In an effort to put an end to the crisis in Israeli-Turkish ties caused by the Gaza flotilla incident last May, Israel is looking for wording of a formula that will make clear that Israel “did not act in malice” when it overtook the boat as it was trying to break the blockade, an Israeli official said Tuesday night.

The official’s comments came amid meetings held in Geneva over the last few days between top Israeli and Turkish officials following the Turkish gesture last week of sending two planes to Israel to help fight the fire on Mount Carmel.

'Israel, Turkey hold second meeting to mend ties'
Fire warms up ties with Turkey

Even as Israeli representative Yosef Ciechanover and Feridun Sinirlioglu were conducting talks in Geneva to come up with a formula, Turkish Prime Minister Recep Tayyip Erdogan continued to insist on an Israeli apology and an end to the blockade of the Gaza Strip.

According to AFP, Erdogan said in a weekly speech in parliament, “If anyone wants to turn a new page, they must first admit their crime... apologize and pay compensation.

“And we are also saying that the embargoes – which have been relaxed but that’s not enough – must be lifted,” he said.

“If we see these steps being taken, then we will evaluate the situation... We are not acting with feelings of grudge and hatred,” he added.

Sources close to Foreign Minister Avigdor Lieberman, meanwhile, said that an apology to Turkey would be no less than a “surrender to terrorism.”

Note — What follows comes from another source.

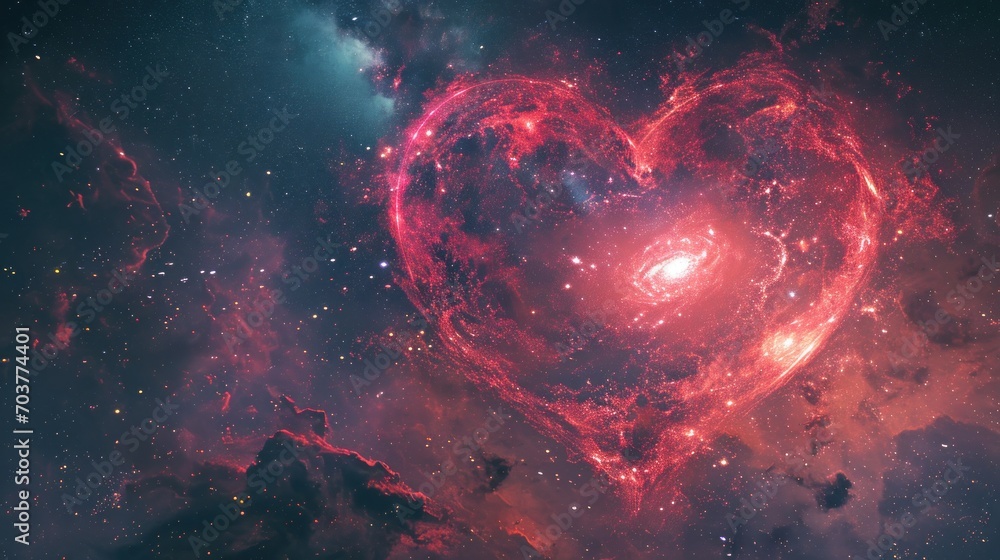 Poster a heart - shaped object in the middle of a space filled with stars and dust, in the shape of a heart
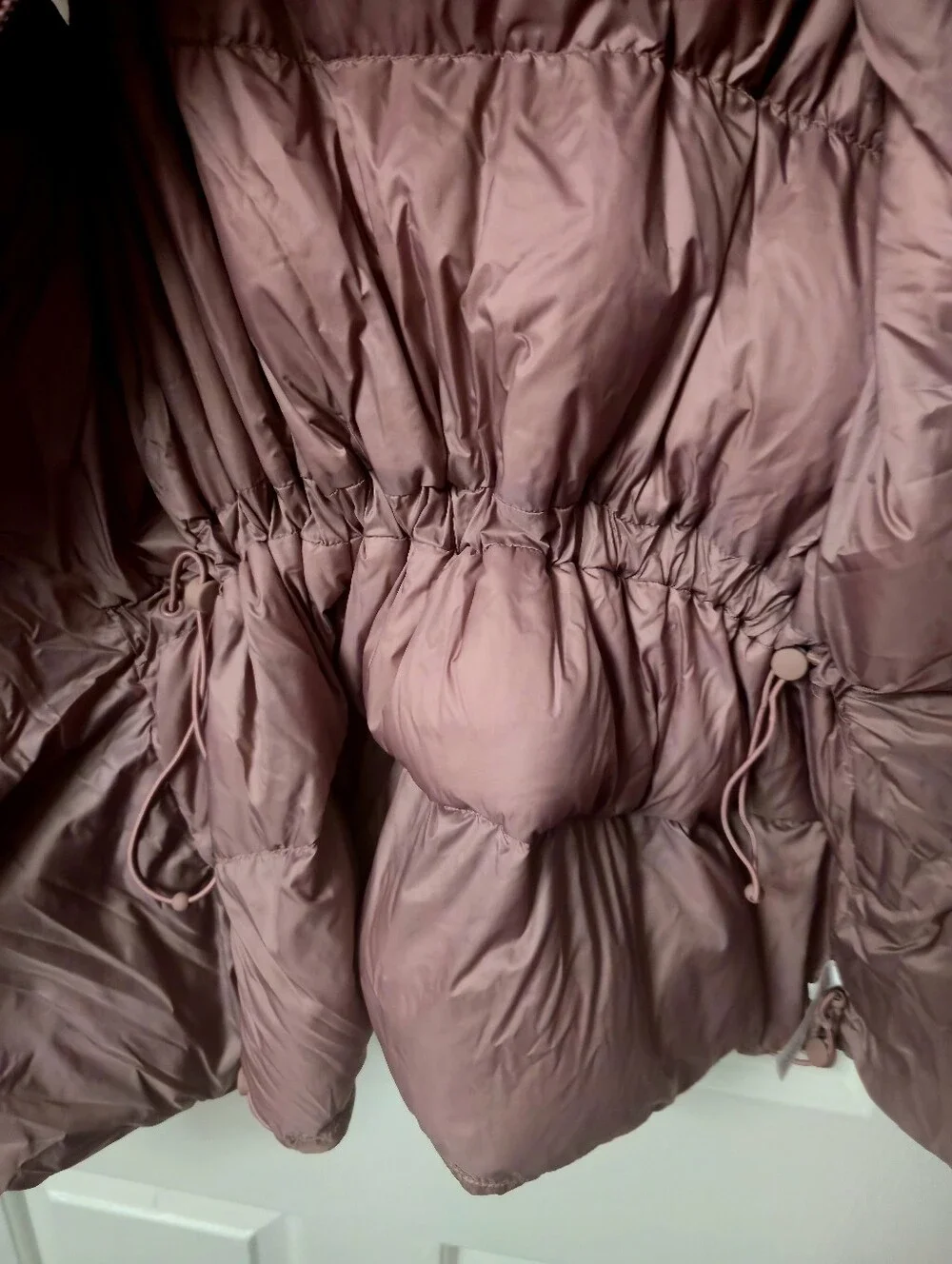 Athleta Womens Long Puffer Vest in Mauve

“Israel needs to ask for a Turkish apology, and for it to pay compensation for the aid it gave those supporting terrorists and the IHH, which countries such as Germany have called a terrorist organization.”

Turkish officials reportedly said that Israel had agreed to pay compensation to the families of the nine Turkish citizens killed in the incident as well as damages to those injured, and that what was now being discussed was the wording of the Israeli apology.

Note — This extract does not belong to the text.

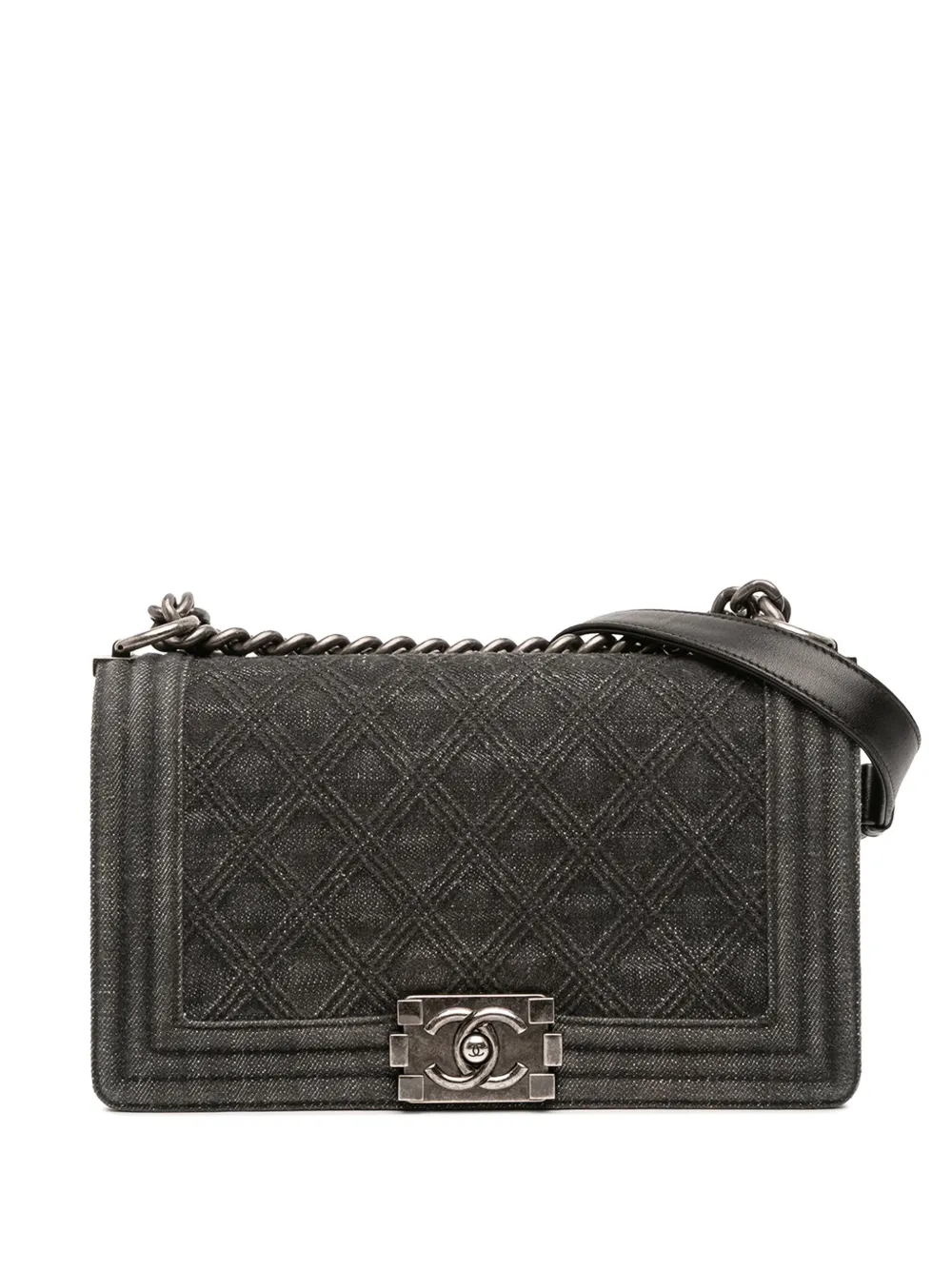 Pre-owned Chanel 2015-2016 Old Medium Quilted Denim Boy Flap Crossbody Bag In Gray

Netanyahu, at a press conference Monday, ignored a question regarding whether he would apologize, saying instead that he had expressed his appreciation to the Turks for their assistance with fighting the fire, and hoped that the ties between the two countries would improve.

Netanyahu is intent on ensuring that IDF soldiers are not in any way vulnerable to legal proceedings being opened against them here or abroad, one Israeli official said.

Turkey has made an apology and compensation a pre-condition to returning its envoy to Tel Aviv and to returning ties between the two countries to “normal.”

In a related development, the security cabinet is expected on Wednesday to discuss a further easing of restrictions on Gaza, and allowing more exports out of the region to improve the economic situation there. Government officials said that allowing more exports means that the goods will go through Ashdod port, a serious security problem since Israel cannot, obviously, depend on Hamas officials inside Gaza to provide a security check on the outgoing cargo.